Motion correction for abdominal imaging

Respiratory motion correction for abdominal PET-MRI studies

PET and MRI are two powerful imaging technologies that are characterized by high sensitivity and the ability to provide superior anatomic detail, respectively, which might make them ideal for evaluating the upper abdomen. However, PET requires long acquisition times, including the acquisition of data from moving organs, which may result in image blurring. On the other hand, MRI, especially standard DCE-MRI, can scan the chosen field of view in a shorter time, but requires the patient’s cooperation with the respiratory instructions and the ability to suspend respiration for the acquisition time of breath-hold sequences, usually in the range 14–20 s. Moreover, even in patients with an adequate respiratory breath-hold ability, the quality and the diagnostic information of DCE-MRI are also dependent on the hemodynamics of the patient and the timing of contrast agent injection and data acquisition. These variables explain the occurrence of respiratory artifacts and erroneous phases of contrast enhancement imaging in DCE-MRI.

We presented and evaluated in vivo a comprehensive approach for self-gated MR motion modeling applied to concurrent respiratory motion compensation of PET and DCE-MRI data acquired simultaneously in an integrated PET/MR system.

Fully registered, motion-corrected PET images and diagnostic DCE-MR images were obtained with negligible acquisition time prolongation compared with standard breath-hold techniques. Both the MR and the PET image quality and tracer uptake quantification were improved when compared with conventional methods (Fuin 2018).

Comparison of PET images reconstructed before and after motion correction using motion vector fields obtained from 1- or 6-minutes of MR data

This approach was subsequently evaluated clinically in collaboration with Dr. Onofrio Catalano to demonstrate that motion-corrected PET/MRI produced better PET images and reduced the spatial mismatch between the two modalities (Catalano 2018).

PET-based motion correction

When MR-derived motion estimates are unavailable, either in the gaps between sequences or when a given MR sequence is not amenable to motion estimation, motion can also be derived directly from the PET images themselves. Motion estimates from both the MR and the PET can be unified to provide continuous estimates of head motion throughout the duration of the scan, leveraging the higher resolution and more accurate MR-based estimates when they are available. (Levine 2017 Abstract)

Relevant publications

Transmission imaging for attenuation correction

Transmission imaging for validation of MR-based attenuation correction methods​

While transmission-based techniques are still considered the true gold standard for PET attenuation correction, traditional rotating transmission sources have not been integrated into the PET/MRI scanners due to obvious engineering challenges and the desire to reduce the radiation exposure. As such techniques would be valuable for improving and validating MR-based approaches, several stationary transmission sources have been suggested as alternatives.

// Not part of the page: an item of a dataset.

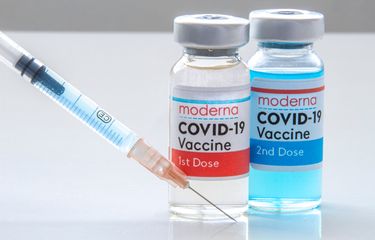 Ilustrasi vaksin booster Moderna. Moderna laporkan perlindungan vaksin Covid-19 yang dikembangkannya terus berkurang seiring waktu. Perusahaan mendukung pemberian dosis booster atau dosis ketiga untuk vaksin mRNA ini.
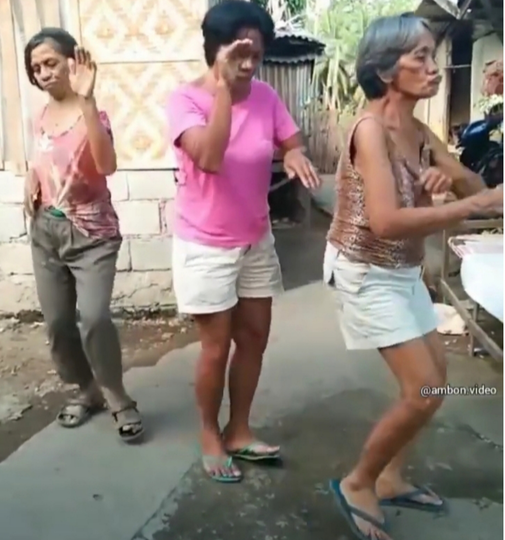 Viral! Tiga Orang Nenek Joget Ala Tiktok, Bikin Miris atau Ngakak?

In the case of scanners without time-of-flight capabilities (e.g. Biograph mMR), we showed that a single torus source filled with [18F]FDG allows the acquisition of highly accurate transmission images before radiotracer administration (Bowen et al 2016)

Attenuation correction in presence of metal implants

Attenuation correction in the presence of metallic implants

The numerous foreign objects (e.g. dental implants, surgical clips and wires, orthopedic screws and plates, prosthetic devices, etc.) that can be present in the subject lead to susceptibility artifacts in the MR images that propagate as signal voids in the corresponding attenuation maps. 

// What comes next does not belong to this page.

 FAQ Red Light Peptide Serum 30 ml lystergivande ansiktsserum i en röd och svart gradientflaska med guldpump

We developed a method to estimate the location, shape, and linear attenuation coefficient of the implant using a joint reconstruction of the activity and attenuation algorithm. The implant PET-based attenuation map completion (IPAC) method performs a join reconstruction of radioactivity and attenuation from the emission data (Fuin et al 2017). 

MR-, CT- and IPAC-based attenuation map estimation

Siemens Biograph mMR

The Biograph mMR scanner (Siemens Healthineers, Erlangen, Germany) consists of a 3T whole-body superconductive magnet with active shielding and external interference shielding and a whole-body PET scanner. It is equipped with a gradient system with a maximum gradient amplitude of 45 mT/m and a maximal slew rate of 200 T/m/s.  Separate cooling channels that simultaneously cool primary and secondary coils allow the application of extremely gradient intensive techniques. 

This scanner is equipped with the “TIM” RF coils that were custom designed to minimize the 511 keV photons attenuation. The fully-integrated PET detectors use avalanche photodiode (APD) technology and LSO scintillator crystals (eight rings with 56 detectors blocks per ring, each consisting of 8×8 arrays of 4×4×20 mm3crystals read out by a 3×3 array of APDs).  The PET scanner’s transaxial and axial fields of view are 594 mm and 25.8 cm, respectively.

The Biograph mMR was installed at the Martinos Center in June 2011.